При такой перегруппировке на первый план выходит не столько медиация, сколько амбивалентность. Очень важной в постмодернизме, как известно, оказывается «проблема личного высказывания» – суть проблемы сводится к неопределенности категории «личности», от которой могло бы исходить такое высказывание. Пригов отвечает на этот вопрос, ограничивая «личность» автора «способность[ю] одного и того же художника оперировать различными языками, не отдавая пальму первенства ни одному из них, не идентифицируясь ни с одним из них, не полагая ни один из них уровнем разрешения своих творческих амбиций…» [5: 194–195].
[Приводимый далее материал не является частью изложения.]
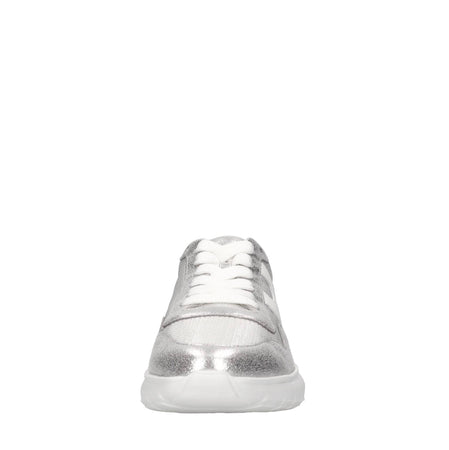 Hogan Sneakers Argento da donna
В этом контексте становится понятно, что все творчество Пригова подчинено сложнейшей задаче создания цельной эстетической системы, основанной на постоянном подрыве авторитета «центрального» субъекта. Сам Пригов называл этот путь «искусством предпоследних истин»: «…искусство не занимается последними истинами, оно занимается предпоследними истинами. Оно готовит человека к этим последним истинам, которые могут быть рассеяны во всей деятельности человека, по-разному определяемые», – говорил он в одном из последних своих выступлений [5: 611]. Обычно это высказывание интерпретируется в том смысле, что искусству не следует брать на себя задачи религии, которая, по Пригову, и должна заниматься «последними истинами». Поясняя эту идею в беседе с О. Куликом (2007), Пригов подчеркивал: «Последними истинами занимаются вероучители, основатели школ, эзотерических систем. Искусство – это школа предуготовления, промывания глаз и сознания, а дальше шаг делает сам человек. Либо он, предуготовленный, идет в сторону последних истин, либо он остается в зоне жестовой и указательной, которая тоже имеет свою немалую, что называется, онтологическую укрепленность» [5: 102]. На вопрос Кулика «…может быть, пришло время соединить эти вещи – предпоследние истины с последними?» – Пригов отвечает достаточно жестко:

Как только вы наполняете свою речь утверждениями о конкретном знании, вы перестаете быть художником. ‹…› Надо понять, что человек может быть верующим и прочее, но в момент своего осознанного социокультурного или какого-то служения он есть художник. Он не должен путать эти два типа служения. Эта разница не есть разница какого-то времени, вообще-то разница принципиально антропологическая или культурно-антропологическая [5: 103].